Austin Larsen, principale analista delle minacce presso GTIG, ha avvertito che chiunque abbia scaricato [email protected] o [email protected] potrebbe aver inavvertitamente eseguito un payload backdoor. Questo avviso è arrivato in un post di LinkedIn dopo il rilevamento iniziale dell’incidente.
Step Security, che ha scoperto l’attacco, lo ha descritto come un compromesso pianificato. La dipendenza dannosa è stata organizzata 18 ore prima della sua implementazione di lunedì, con entrambi i rami di rilascio di Axios avvelenati entro 39 minuti l’uno dall’altro.
L’aggressore ha inizialmente compromesso l’account npm del manutentore principale jasonsaayman, alterando l’e-mail registrata in un indirizzo ProtonMail controllato dall’aggressore. Step Security ha rivelato che gli artefatti dannosi erano destinati ad autodistruggersi, sollevando preoccupazioni sulla sofisticatezza dell’incidente.

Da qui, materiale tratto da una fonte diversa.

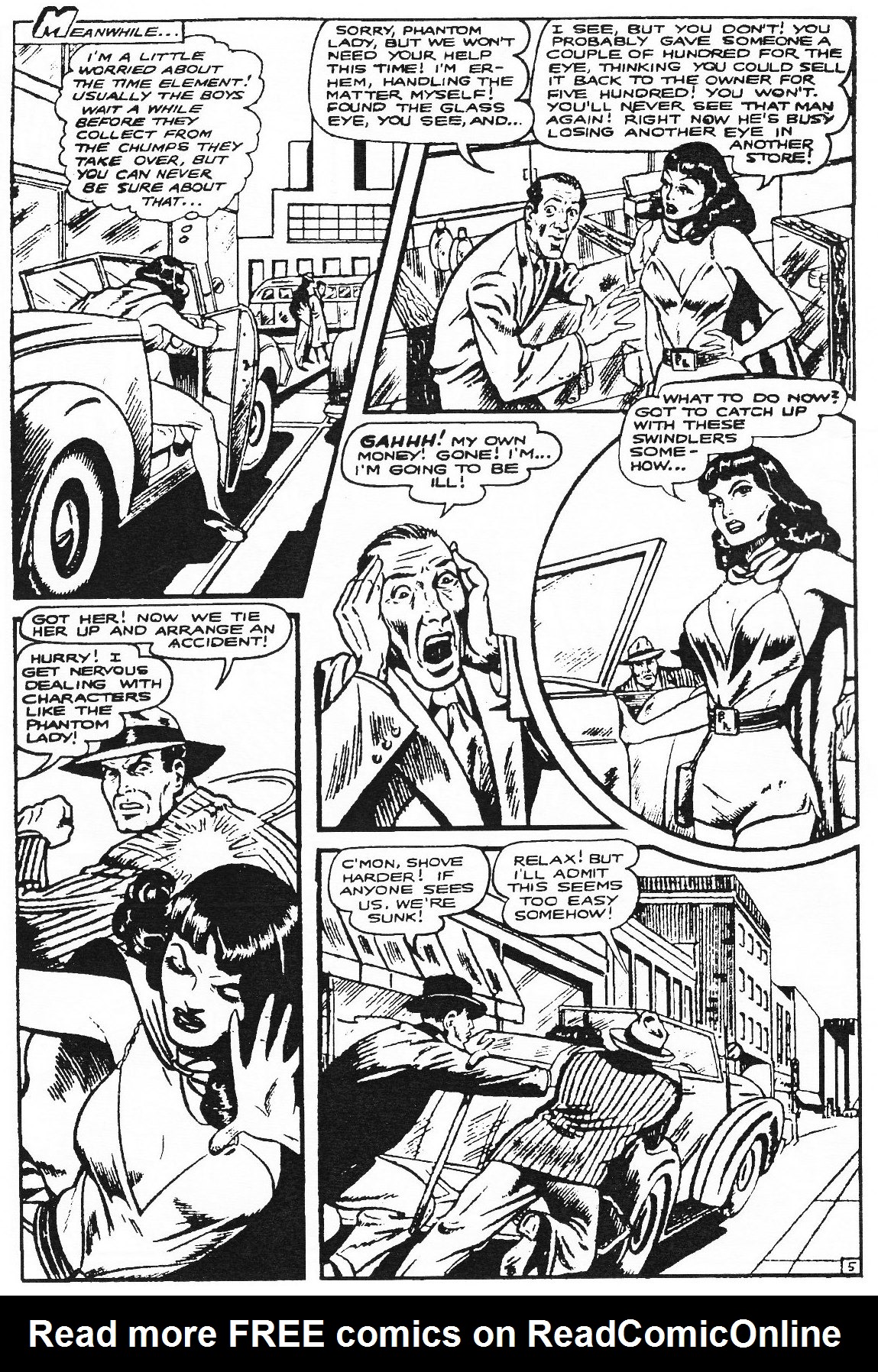 Read online Men of Mystery Comics comic -  Issue #82 - 8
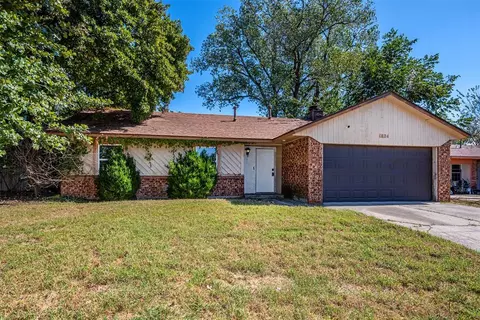 1824 David Ter, Oklahoma City, OK 73141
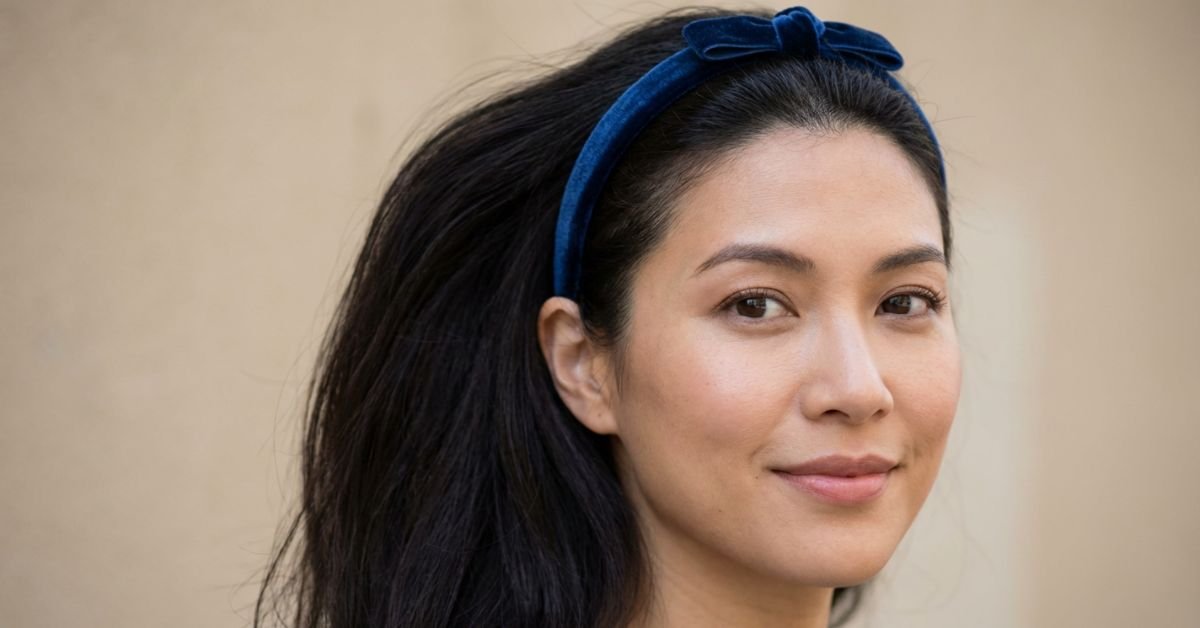 Où acheter un accessoire bleu pour cheveux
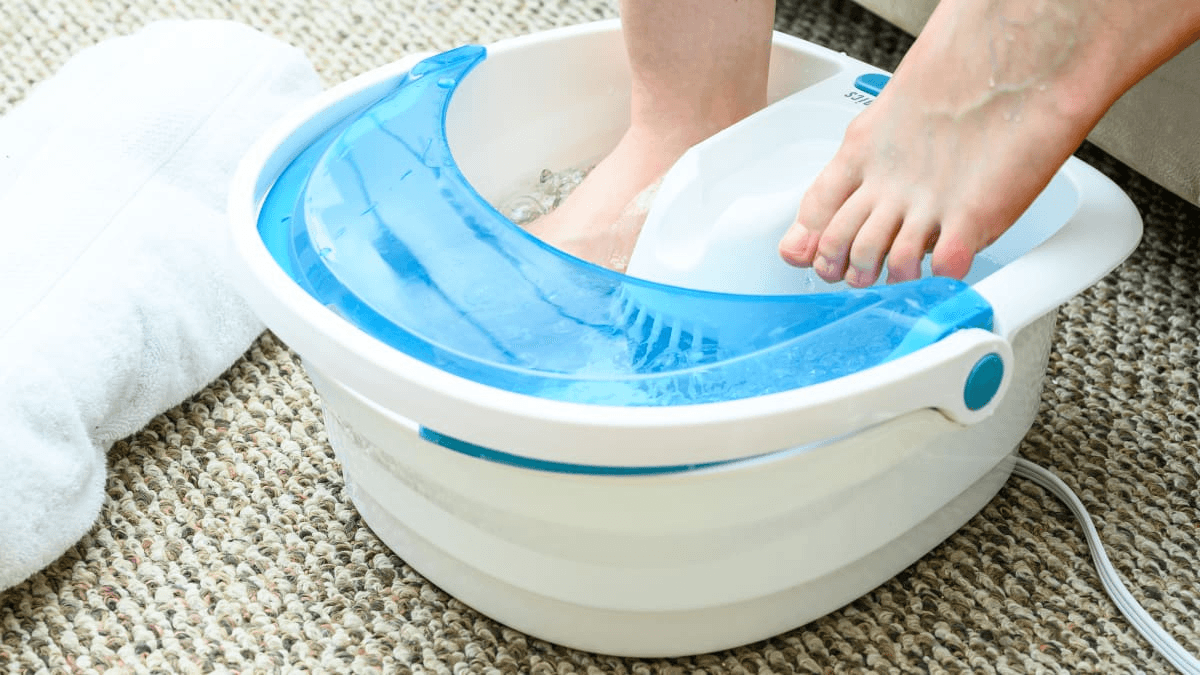 Foot Bath image 2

I ricercatori hanno definito questo attacco come uno degli “attacchi alla catena di fornitura più sofisticati dal punto di vista operativo mai documentati” contro un importante pacchetto npm. John Hammond di Huntress ha espresso preoccupazione per i potenziali effetti a valle su varie organizzazioni che fanno affidamento su Axios.

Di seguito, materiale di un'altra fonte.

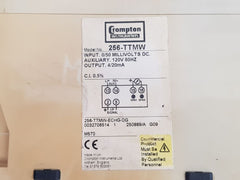 Crompton 256-ttmw Current Transducer Used - Aeliya Marine Tech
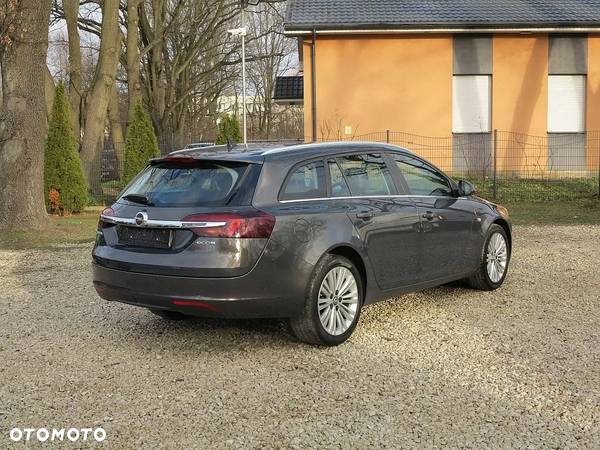 Opel Insignia 2.0 CDTI Edition ecoFLEX S&S - 4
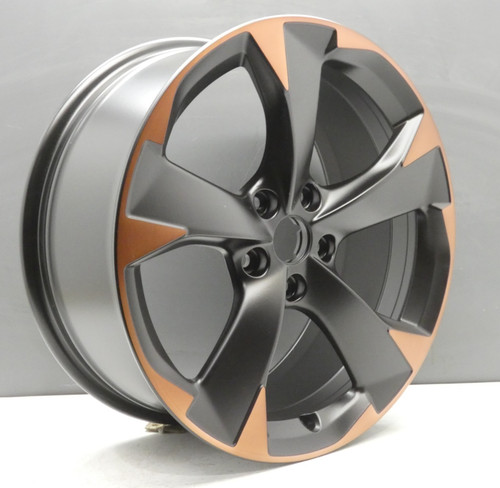Cupra leon alloy wheel rim - 18",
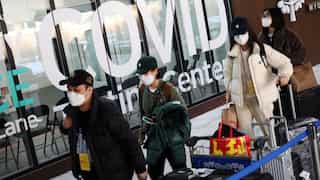 South Korea searches for 'wanted' Chinese national who escaped from Covid quarantine centre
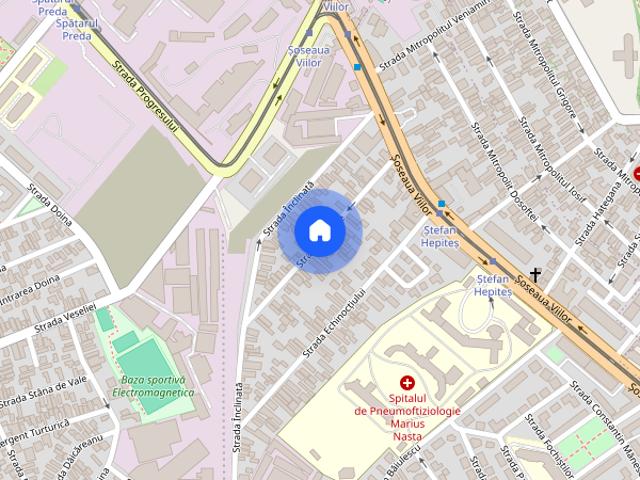 Parcul Carol 15' Metrou Eroii Revolutiei Centrala Parcare PetFriendly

“Gli effetti completi sono dinamici e ancora da scoprire, poiché qualsiasi organizzazione che utilizza Node.js o il software JavaScript potrebbe fare affidamento sul componente Axios compromesso”, ha affermato Hammond.
Questo incidente fa parte di una recente tendenza di attacchi alla catena di fornitura, con altri obiettivi tra cui Trivy, uno strumento open source di Aqua Security, anch’esso compromesso da un altro attore di minacce chiamato TeamPCB.
Charles Carmakal, CTO di Mandiant Consulting, ha osservato che i recenti attacchi alla catena di fornitura hanno provocato il furto di migliaia di credenziali, avvertendo di minacce imminenti come ulteriori compromissioni SaaS, ransomware e rapine di criptovalute.